• EXERCISE DIRECTIONS: Using the records below, copy exactly the part that opens with the line holding "Zdjęcie z galerii" and closes with the line holding "Teflon Tava 3 lü (18-20-22 cm)", minus the pictures.

• DATASET EXCERPTS:

···

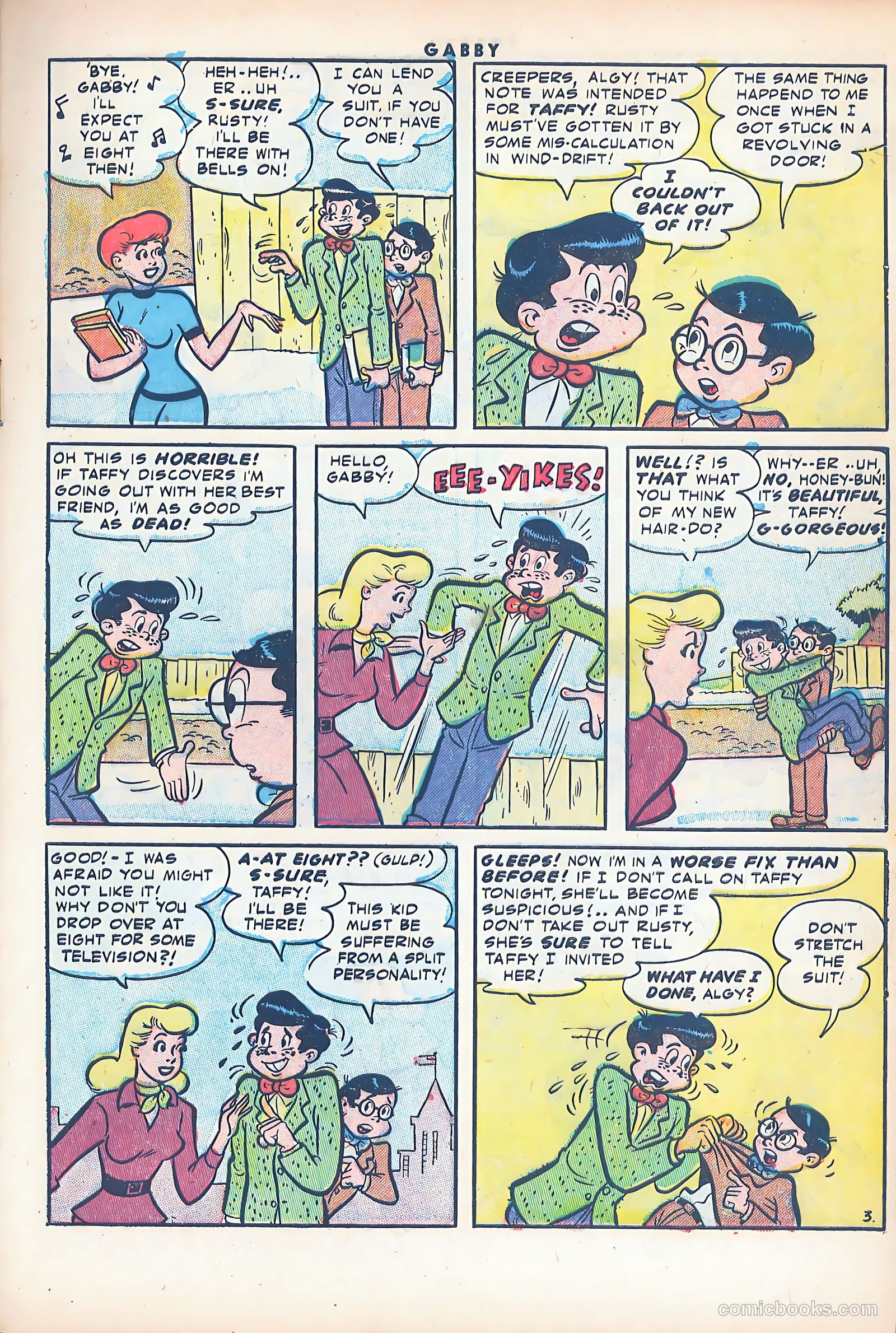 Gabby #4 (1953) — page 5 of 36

···

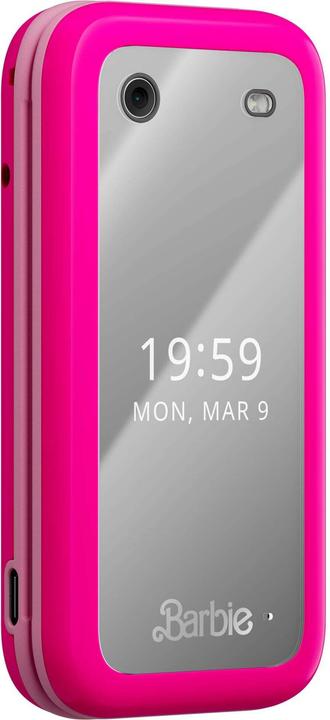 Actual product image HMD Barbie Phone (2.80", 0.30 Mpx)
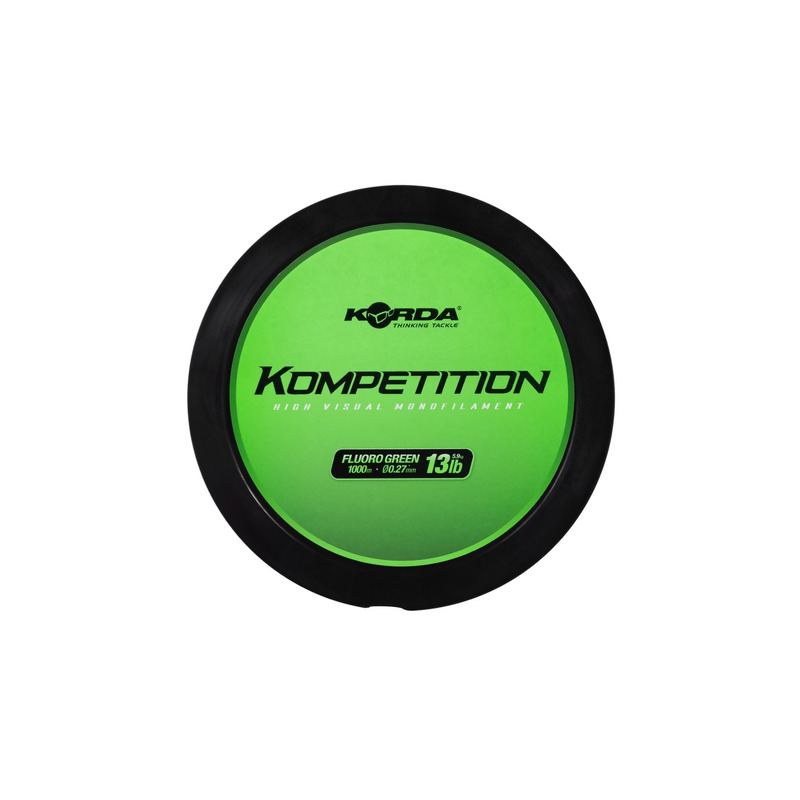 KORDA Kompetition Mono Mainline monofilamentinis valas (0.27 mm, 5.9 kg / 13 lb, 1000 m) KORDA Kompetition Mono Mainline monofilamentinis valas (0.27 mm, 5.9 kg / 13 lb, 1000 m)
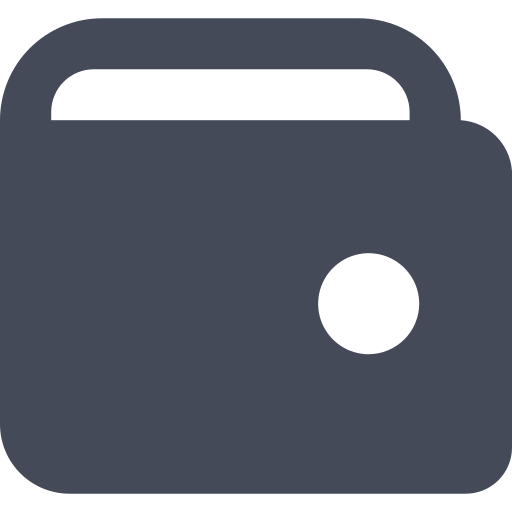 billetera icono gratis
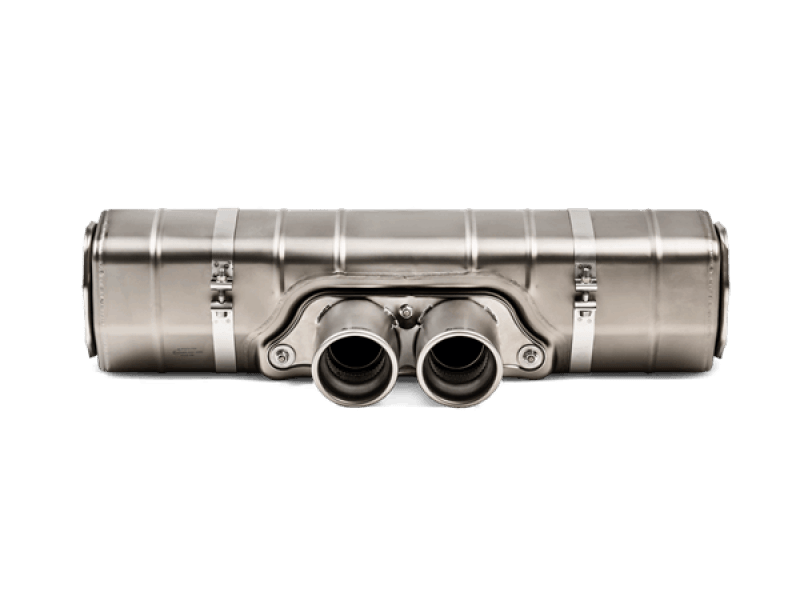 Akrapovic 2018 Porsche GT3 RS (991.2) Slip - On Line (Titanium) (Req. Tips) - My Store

···

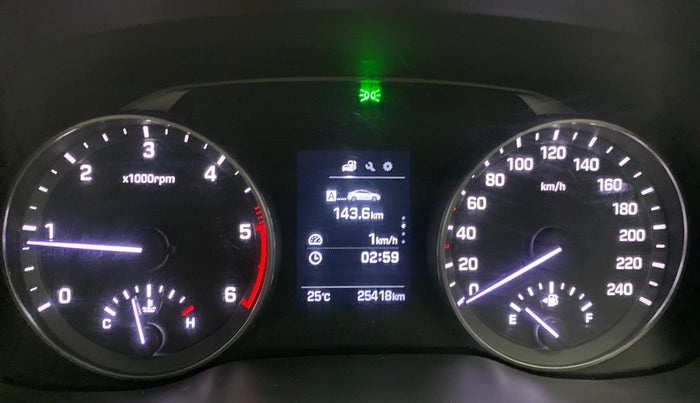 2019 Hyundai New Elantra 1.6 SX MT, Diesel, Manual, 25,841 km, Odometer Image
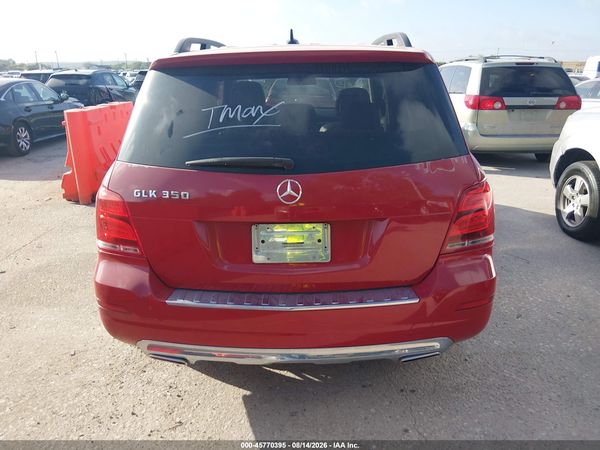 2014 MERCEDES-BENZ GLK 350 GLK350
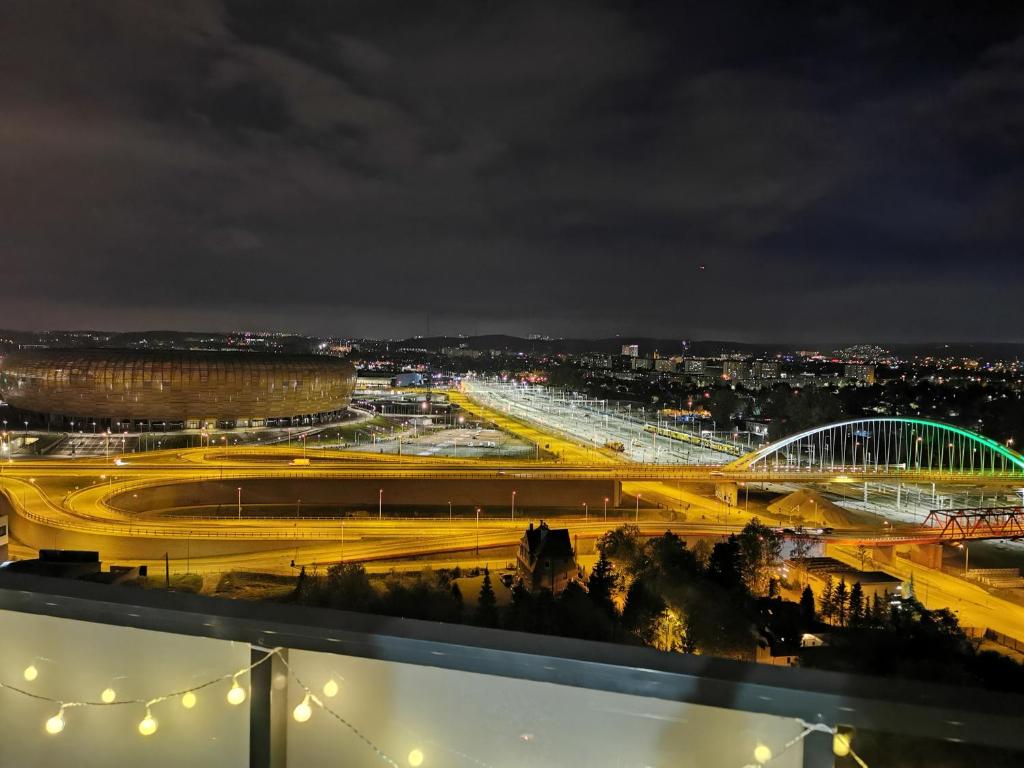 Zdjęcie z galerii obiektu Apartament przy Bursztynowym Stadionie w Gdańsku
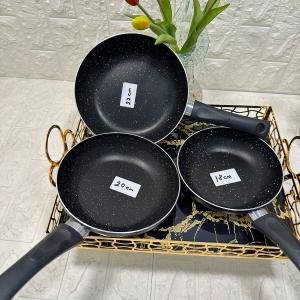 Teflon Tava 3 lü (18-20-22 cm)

···

• RESULT OF THIS TASK:
 Zdjęcie z galerii obiektu Apartament przy Bursztynowym Stadionie w Gdańsku
 Teflon Tava 3 lü (18-20-22 cm)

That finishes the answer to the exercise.